In doing so, however, it is not possible to provide information that could defeat or undermine the purpose of the notification. Only if the whistleblower has consented to this or if the data was provided to public authorities.

If, in these cases, the disclosure of these data is refused, the ÚOOÚ considers it a restriction of the data subject's rights and requires that this step be communicated to them in accordance with Section 11, Paragraph 2 of the Act on the Protection of Personal Data.

Processing of biometric data for the purpose of operating the attendance system

The ÚOOÚ dealt with the issue of the attendance system based on the attachment and scanning of the fingerprint of the entering employee.

He pointed out that the case involved the processing of biometric data, which is a special category of personal data that is prohibited from being processed under the GDPR. That is, unless the case falls within one of the exceptions under Article 9(2) GDPR.

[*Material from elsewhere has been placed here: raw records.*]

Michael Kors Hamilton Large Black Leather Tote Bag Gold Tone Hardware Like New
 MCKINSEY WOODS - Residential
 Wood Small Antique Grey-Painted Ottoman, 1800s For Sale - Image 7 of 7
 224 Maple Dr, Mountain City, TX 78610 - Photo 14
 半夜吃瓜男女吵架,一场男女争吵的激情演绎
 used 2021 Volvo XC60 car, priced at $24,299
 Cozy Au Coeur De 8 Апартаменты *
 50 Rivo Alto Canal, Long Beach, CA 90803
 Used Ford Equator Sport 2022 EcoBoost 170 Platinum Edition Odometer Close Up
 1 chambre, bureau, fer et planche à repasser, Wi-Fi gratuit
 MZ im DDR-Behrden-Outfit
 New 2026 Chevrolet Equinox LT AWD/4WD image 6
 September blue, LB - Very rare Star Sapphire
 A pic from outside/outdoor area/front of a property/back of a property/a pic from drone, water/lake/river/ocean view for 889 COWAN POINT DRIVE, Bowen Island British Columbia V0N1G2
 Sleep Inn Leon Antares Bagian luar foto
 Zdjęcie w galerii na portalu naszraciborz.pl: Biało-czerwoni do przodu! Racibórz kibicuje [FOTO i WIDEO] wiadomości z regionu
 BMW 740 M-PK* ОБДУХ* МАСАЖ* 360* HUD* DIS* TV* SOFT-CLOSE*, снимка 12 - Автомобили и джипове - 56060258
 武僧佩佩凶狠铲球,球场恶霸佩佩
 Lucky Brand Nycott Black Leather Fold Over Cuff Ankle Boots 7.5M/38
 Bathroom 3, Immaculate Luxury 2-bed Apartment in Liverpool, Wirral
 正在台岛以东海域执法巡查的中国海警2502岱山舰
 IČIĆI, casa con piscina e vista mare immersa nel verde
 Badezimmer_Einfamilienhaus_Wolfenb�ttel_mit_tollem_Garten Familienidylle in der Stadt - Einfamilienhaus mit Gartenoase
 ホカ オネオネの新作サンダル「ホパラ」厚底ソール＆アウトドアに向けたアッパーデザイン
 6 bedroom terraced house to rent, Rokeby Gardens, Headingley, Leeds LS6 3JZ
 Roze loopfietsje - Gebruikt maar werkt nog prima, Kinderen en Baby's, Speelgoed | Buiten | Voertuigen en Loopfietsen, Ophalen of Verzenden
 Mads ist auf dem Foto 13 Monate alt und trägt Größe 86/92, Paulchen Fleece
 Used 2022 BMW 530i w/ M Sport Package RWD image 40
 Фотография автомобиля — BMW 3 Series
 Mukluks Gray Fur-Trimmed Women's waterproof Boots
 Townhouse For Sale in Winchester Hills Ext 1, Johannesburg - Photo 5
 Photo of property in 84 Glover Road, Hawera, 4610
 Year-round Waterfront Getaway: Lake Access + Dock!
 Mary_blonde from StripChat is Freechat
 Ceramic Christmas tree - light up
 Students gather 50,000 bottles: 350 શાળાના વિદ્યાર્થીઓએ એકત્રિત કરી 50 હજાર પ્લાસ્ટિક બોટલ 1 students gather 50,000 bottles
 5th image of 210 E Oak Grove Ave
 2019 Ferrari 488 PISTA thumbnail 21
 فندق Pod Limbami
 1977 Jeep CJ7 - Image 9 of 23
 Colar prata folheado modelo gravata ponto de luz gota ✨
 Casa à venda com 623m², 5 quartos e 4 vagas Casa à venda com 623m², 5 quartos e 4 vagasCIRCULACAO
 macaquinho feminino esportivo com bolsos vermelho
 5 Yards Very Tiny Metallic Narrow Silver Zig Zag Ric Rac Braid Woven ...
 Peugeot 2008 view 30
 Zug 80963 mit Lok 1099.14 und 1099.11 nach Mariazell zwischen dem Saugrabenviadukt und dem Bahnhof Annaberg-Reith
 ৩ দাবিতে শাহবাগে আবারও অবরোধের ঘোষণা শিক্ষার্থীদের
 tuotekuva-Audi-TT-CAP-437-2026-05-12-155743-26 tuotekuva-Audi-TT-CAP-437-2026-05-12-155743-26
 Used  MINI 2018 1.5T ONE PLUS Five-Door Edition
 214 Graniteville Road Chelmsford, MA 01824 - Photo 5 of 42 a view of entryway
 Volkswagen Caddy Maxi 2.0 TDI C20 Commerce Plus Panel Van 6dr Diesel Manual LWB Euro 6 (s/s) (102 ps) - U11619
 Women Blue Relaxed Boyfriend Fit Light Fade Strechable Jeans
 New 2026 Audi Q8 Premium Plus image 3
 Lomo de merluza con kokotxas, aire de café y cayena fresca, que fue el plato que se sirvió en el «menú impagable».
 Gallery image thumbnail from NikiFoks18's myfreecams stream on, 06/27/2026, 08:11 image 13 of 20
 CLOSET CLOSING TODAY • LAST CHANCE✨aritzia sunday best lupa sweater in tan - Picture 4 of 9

The employer argued that the employees had given their prior consent to the operation of the attendance system and the fingerprint scan.

However, the ÚOOÚ stated that in the present case, there may be doubts as to whether consent was freely given in the circumstances, given that employees are the weaker party in relation to their employer.

For these and other reasons, the ÚOOÚ concluded that Czech law does not currently allow the operation of an attendance system based on the use of biometric data.

From the case-law

Responsibility for the dissemination of commercial communications rests with the sender and the subscriber

In the judgment of March 16, 2023, No. 6 As 18/2022-43, the Supreme Administrative Court (NSS) explained that responsibility for the distribution of commercial communications lies not only with the sender but also with the person who initiated such a distribution for their own benefit.

I.e. ordered or used affiliate partners or lead marketing tools.

The SAC pointed out that liability in this case is objective, i.e. it arises regardless of fault.

It thus confirmed the decision of the ÚOOÚ to impose a fine of CZK 1,400,000 for offenses under Act No. 480/2004 Coll., on certain information society services. The complainant was found to have distributed commercial communications from various email addresses of its affiliate partners.

They did not state the identity of the sender or the name under which the communication was made. Nor did it leave a valid address to which the addressee could directly send information that he or she did not wish to receive further commercial communications.

The SAC added that it is important that the disseminators of commercial communications, whether they are the principals (principals) or the actual disseminators, sufficiently verify whether the addressees of the commercial communications have given their consent to such dissemination. Or, more generally, that the distribution is carried out in a lawful manner.

Legitimacy of recording and retention of location data by electronic communications service operators (data retention)

In the judgment of March 27, 2024, File No. 30 Cdo 3909/2023, the Supreme Court (NS) ruled that the Czech Republic, due to the incorrect transposition of the European directive, allows the collection of communication metadata of internet and mobile phone users and their retention for a period of 6 months, in violation of EU law.

The Supreme Court (NS) noted that in the case of proven violation of European law, the emergence of a claim for compensation for non-material damage is not excluded.

NS dále uvedl, že v případě zásahu do základního práva na respektování soukromí a na ochranu osobních údajů je už samotná obava z jejich zneužití způsobilá představovat nemajetkovou újmu.

Thus, it will normally be sufficient to conclude that the perceived interference with the moral integrity of the person concerned does not appear unlikely, given the particular circumstances of the case and the position of that person.

The evidence should focus on the position of the victim and the objective factors that cause him to feel aggrieved by the storage of traffic and location data (and the theoretical possibility of its misuse).